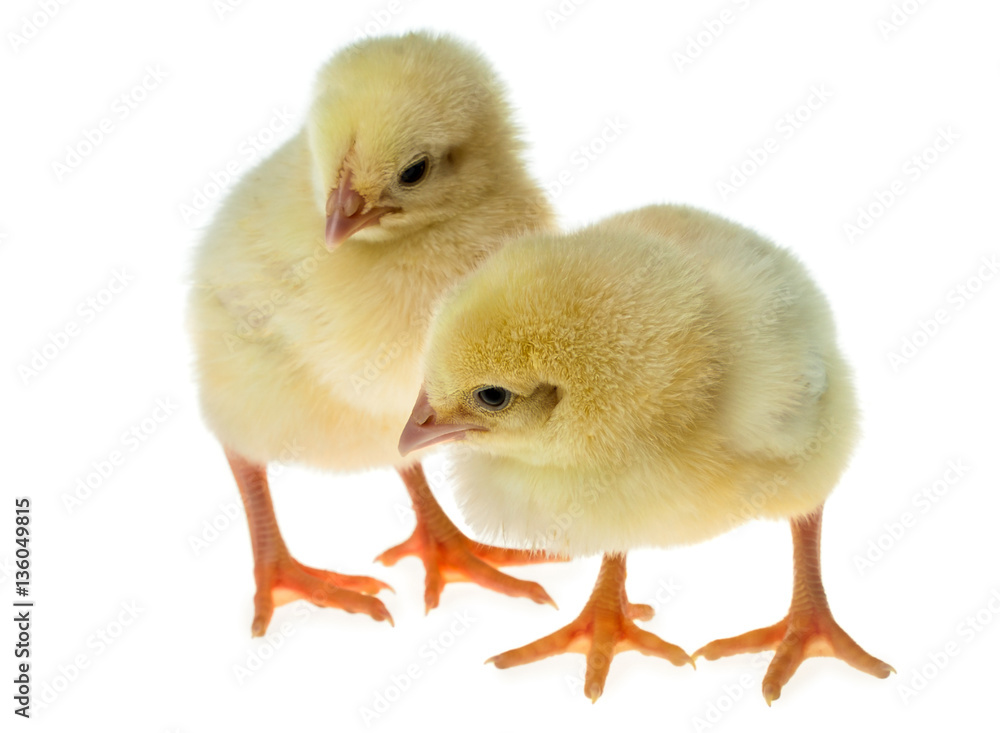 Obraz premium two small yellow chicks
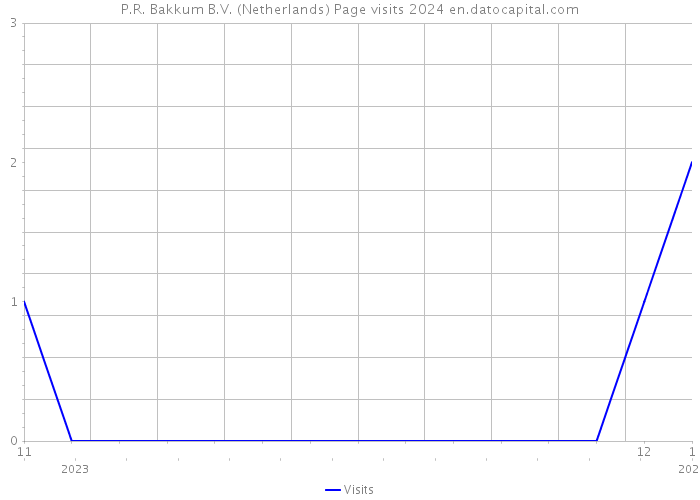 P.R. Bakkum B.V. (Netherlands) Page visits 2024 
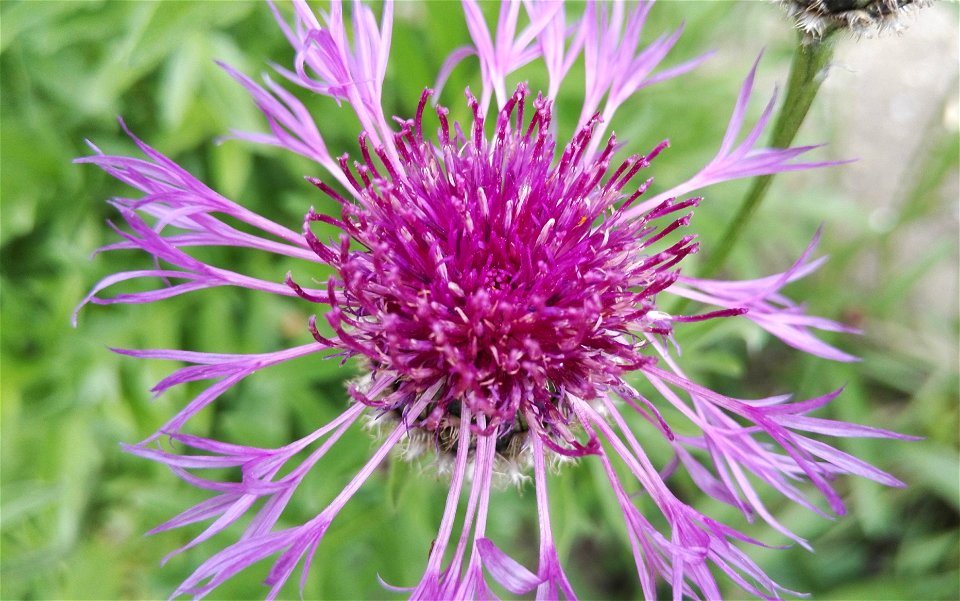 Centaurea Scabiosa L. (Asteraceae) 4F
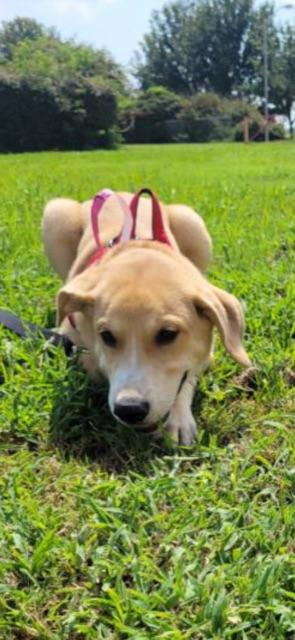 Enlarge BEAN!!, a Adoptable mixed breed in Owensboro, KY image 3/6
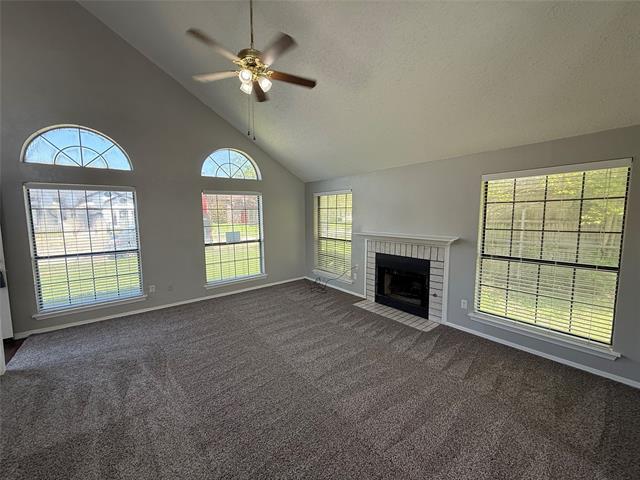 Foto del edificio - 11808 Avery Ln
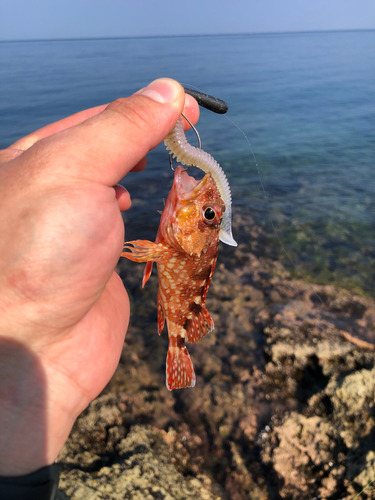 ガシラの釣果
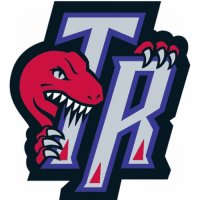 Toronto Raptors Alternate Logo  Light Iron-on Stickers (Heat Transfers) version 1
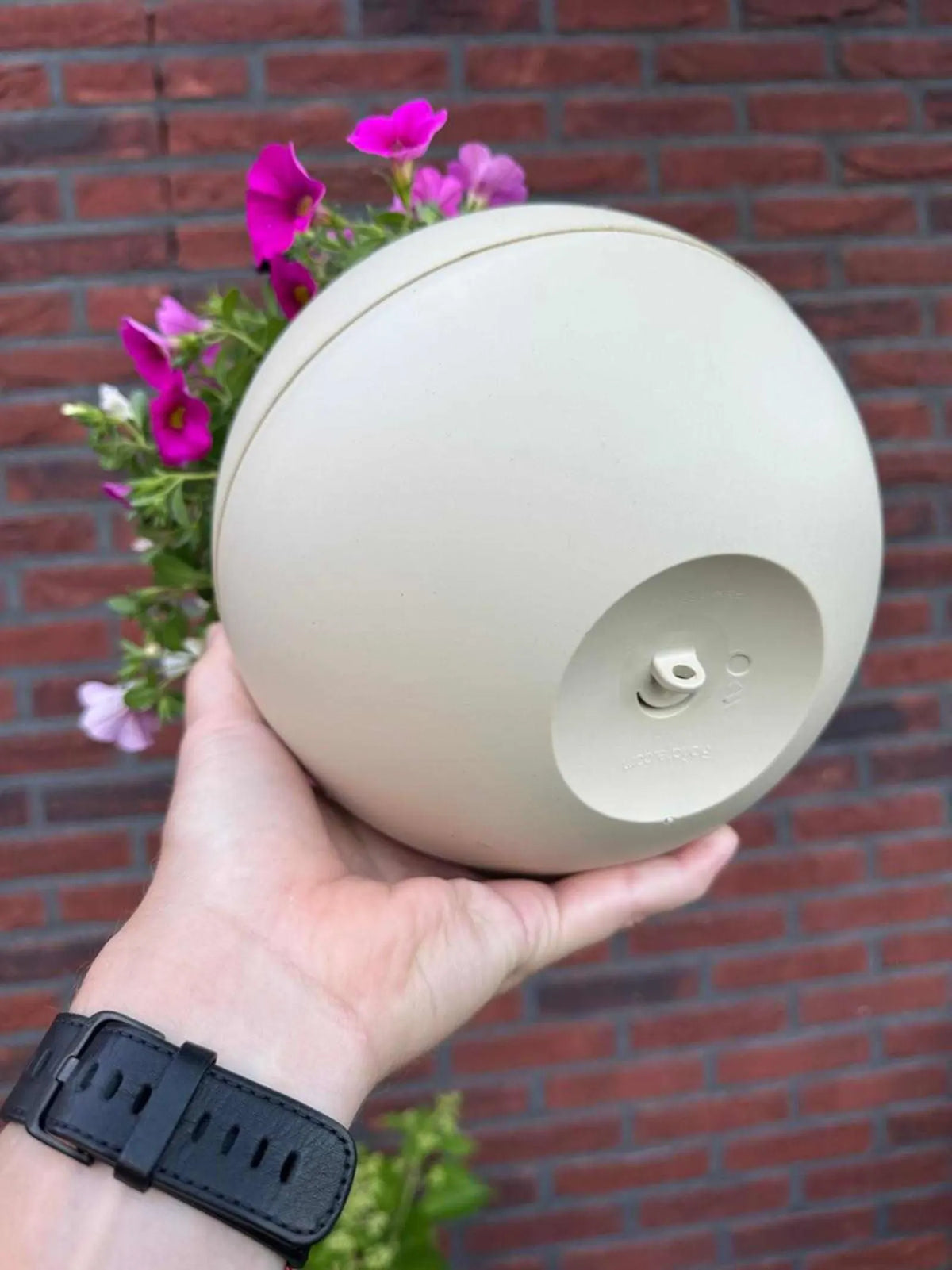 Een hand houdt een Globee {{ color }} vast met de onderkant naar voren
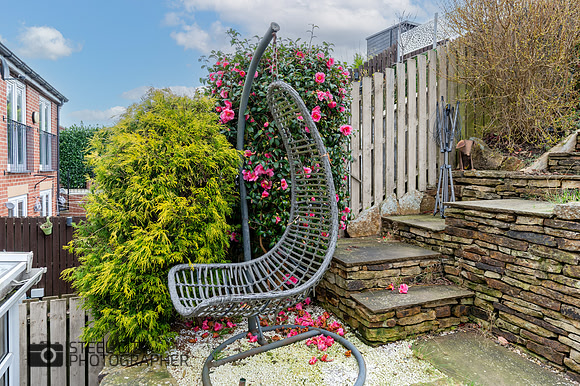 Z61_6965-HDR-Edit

_ _ _ _ _

Your reply should be the lines of the records from the start through the line with "Toronto Raptors Alternate", copied word for word, pictures omitted.

 Obraz premium two small yellow chicks
 P.R. Bakkum B.V. (Netherlands) Page visits 2024 
 Centaurea Scabiosa L. (Asteraceae) 4F
 Enlarge BEAN!!, a Adoptable mixed breed in Owensboro, KY image 3/6
 Foto del edificio - 11808 Avery Ln
 ガシラの釣果
 Toronto Raptors Alternate Logo  Light Iron-on Stickers (Heat Transfers) version 1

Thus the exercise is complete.